La mayoría de estas notas las escribiste a finales de los 80 y los temas siguen igual de actuales. ¿Cómo pensás la intervención periodística de Panfleto en la coyuntura feminista de este momento?
–Hoy entiendo que es una época en la que las redes cambian todo. Se puede no leer en libros, se lee en otros lados pero creo que esa visibilidad y proliferación es también un problema porque en la proliferación no se ve nada, un discurso aniquila al otro y no queda nada en pie. Por eso me interesa publicar algo, pero no el momento en que toda la prensa hace el mismo ejercicio, que es consultar a los “expertos”. Por ejemplo, sobre el editorial de La Nación acerca de las niñas madres en donde participé. Pero ¿qué queda de esas cinchadas de me gusta como rituales de las buenas conciencias que se garantizan en el lado correcto? Existe un problema que Laura Klein llama “automatismo del bien”. Aparece un texto, por lo general soezmente facho, en términos retóricamente bolsonáricos y sabemos que va a saltar una crítica justa pero por lo general, al mismo tiempo previsible, entonces se produce una respuesta adonde va a saltar el me gusteo de la crítica, pero el diálogo es como una coreografía sin contenido: alguien dice una barbaridad y el otro se queja. Y es todo un mecanismo vaciado de política y sobre todo de incidencia. Entonces pasa que los sectores críticos terminan hablando siempre de lo que quiere el otro, lo cual me parece un grado de esclavitud extremo y donde, y esto es un problema también dentro de la izquierda, se suele convertir a los ya convertidos. Entonces ser leído después genera una cierta distancia. Con el destiempo podés hacer una intervención. Ahora: ¿Quién la toma? Bueno, nunca sabés. Obviamente en el libro metí también una cosa de actualidad política que está concertada y también traficada dentro del contenido general de crítica literaria feminista.
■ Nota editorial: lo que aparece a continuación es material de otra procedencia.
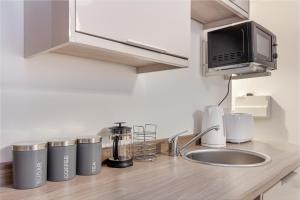 a kitchen counter with a sink and a microwave at Guest Homes - The Foregate in Worcester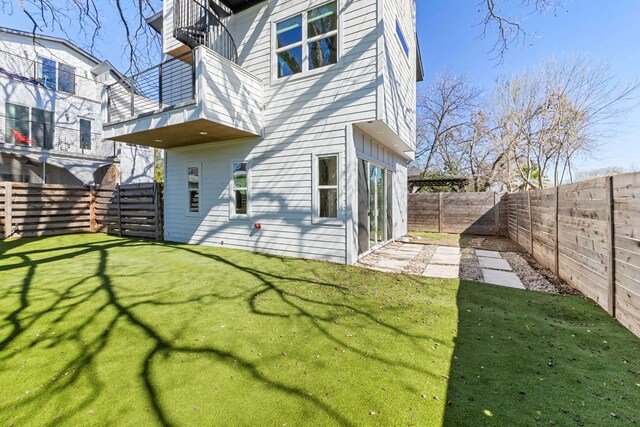 back of property featuring a fenced backyard and a yard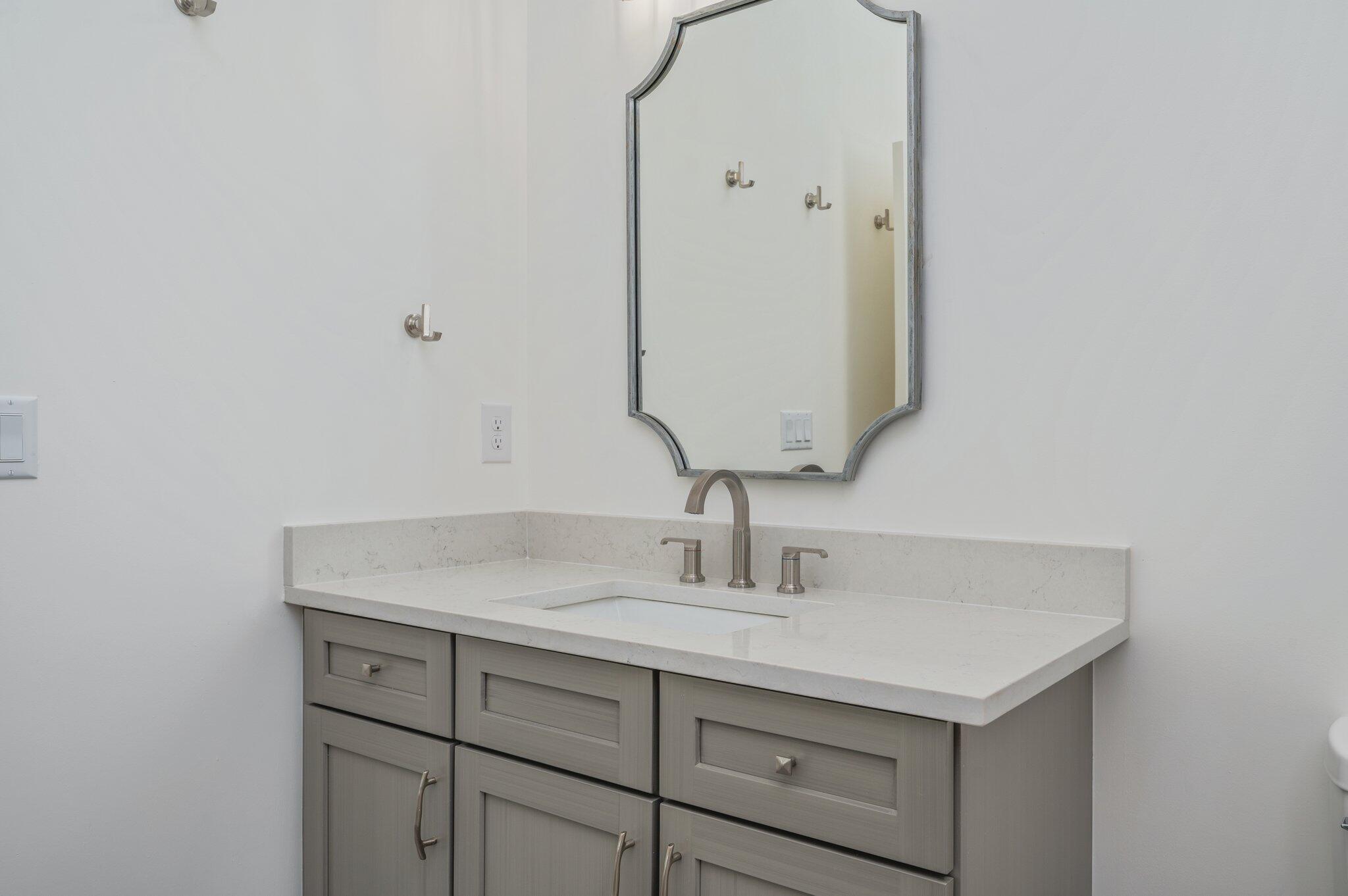 59 Marthas Lane Santa Rosa Beach, FL 32459 - Photo 34 of 85 a bathroom with a sink and a mirror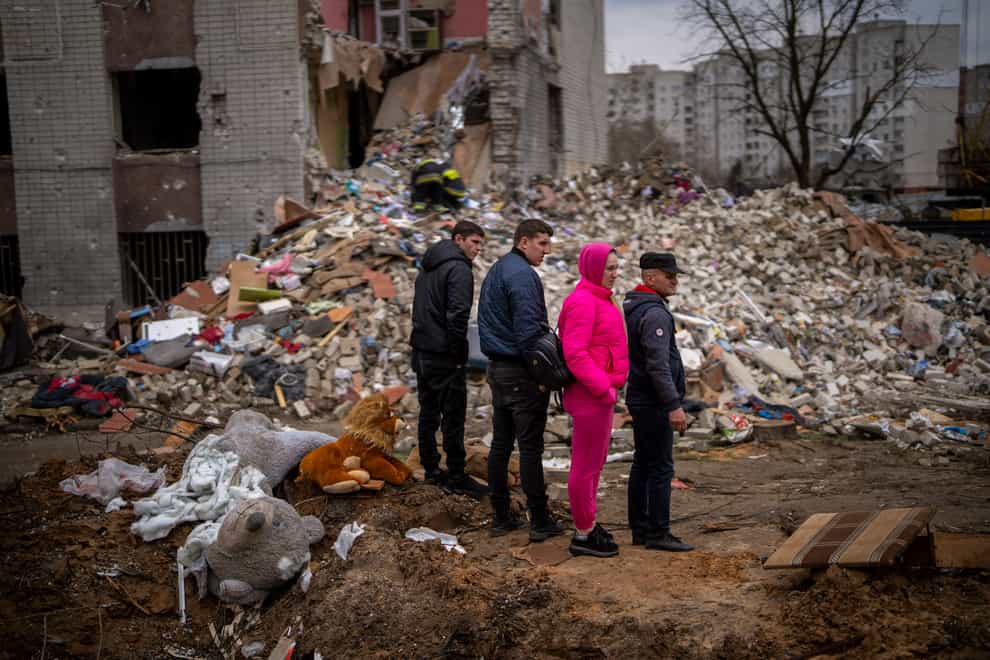 Residents look at their house destroyed by a Russian bomb in Chernihiv (AP)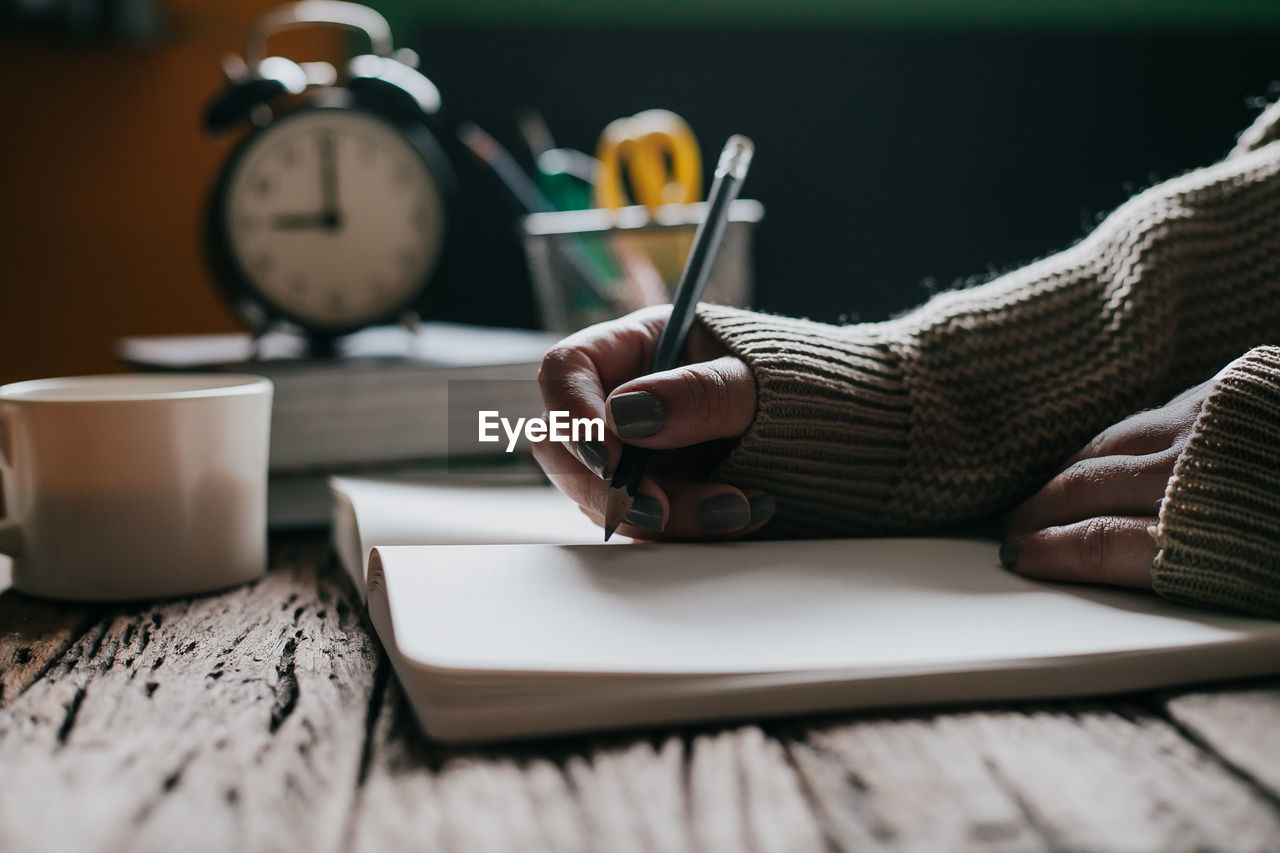 Cropped image of woman writing on book by coffee cup on table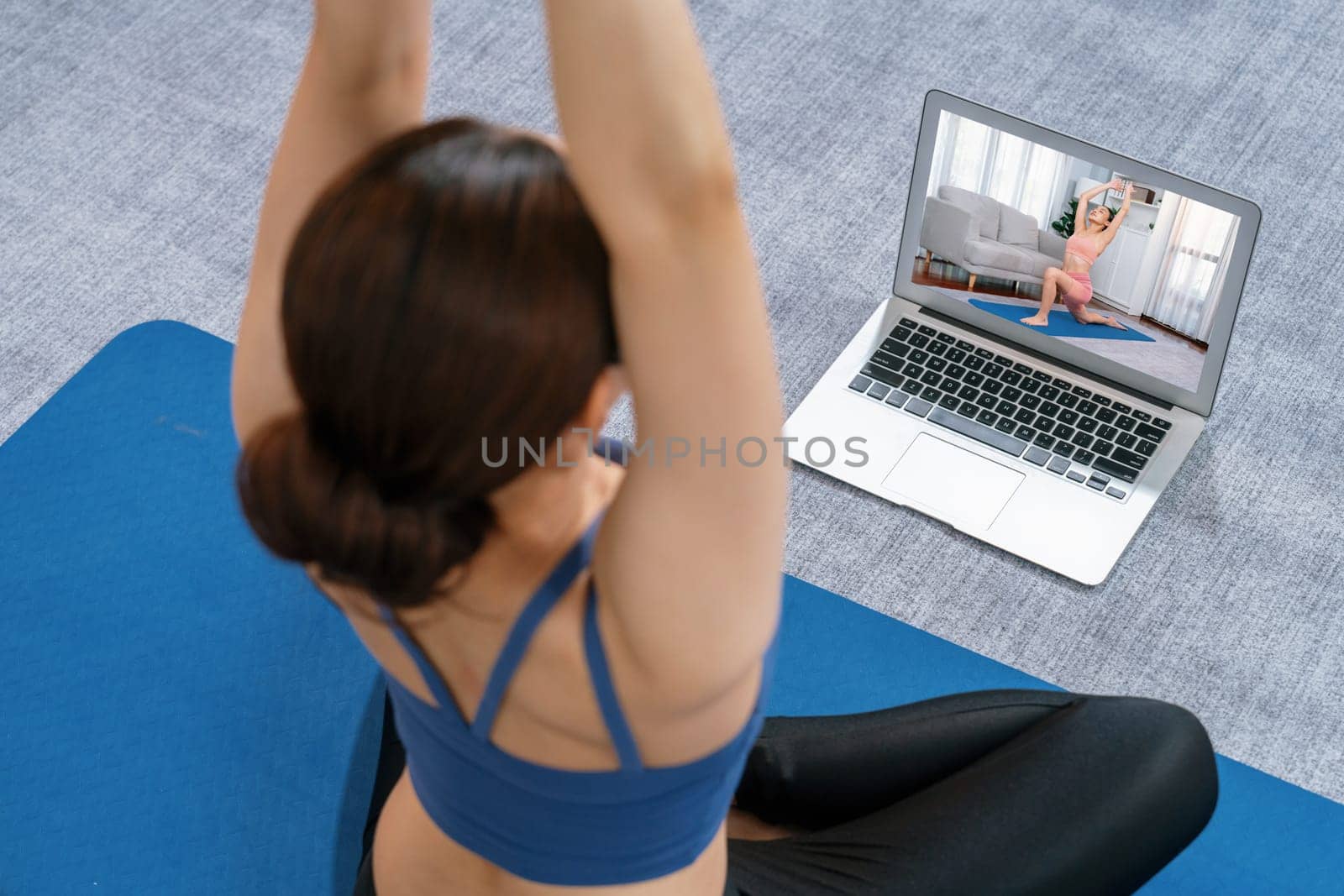 Asian woman in sportswear doing yoga exercise on fitness mat as her home workout training routine. Healthy body care lifestyle woman watching online yoga video on laptop. Vigorous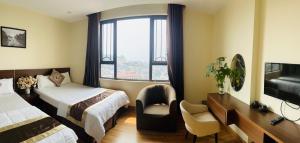 a hotel room with two beds and a window at Song Kieu Hotel - Self check-in in Ha Long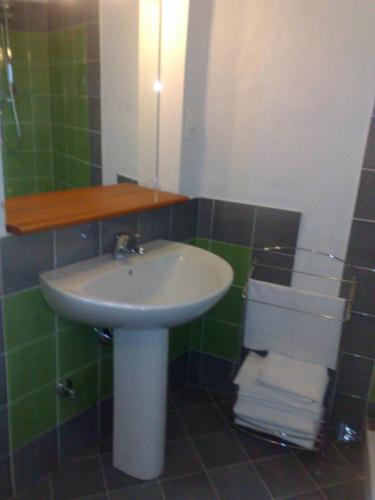 a bathroom with a sink and green tiled walls at La Locanda Di Cadì in Petralia Soprana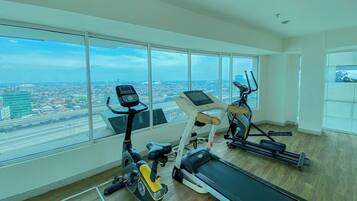 Un gimnasio con máquinas de cardio y un amplio ventanal con vista a la ciudad.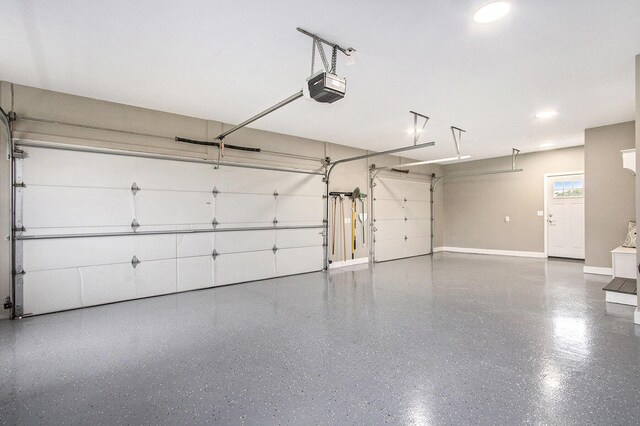 2191 W Linco Rd, Stevensville, MI 49127 - garage with a garage door opener and baseboards
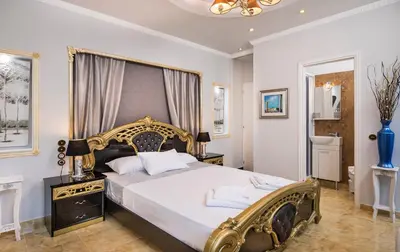 a bedroom with a large bed with a gold frame at Pandis Palace in Agios Onoufrios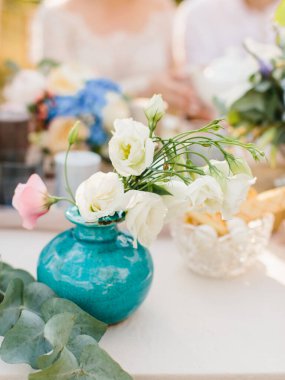 A bouquet of white and pink eustoma stands in a turquoise vase. In the foreground is a branch of eucalyptus.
¿Hay poca lectura en esta nueva ola?
–No es un momento lector en general. Pero sí hay un cierto elemento propio de los momentos fundantes y que es el imaginarse que uno empieza todo de cero, que no hay pasado ni genealogía. Sin embargo los feminismos han construido genealogías, aunque es una palabra que no me gusta porque de algún modo establece una rama de legitimidad, algo que implica jerarquía. Me gusta más la palabra “parentesco” o “parentalidad” como la usa Rita Segato o Donna Haraway, aunque yo la estoy usando de manera más liviana, menos precisa
El parentesco se abre hacia los costados.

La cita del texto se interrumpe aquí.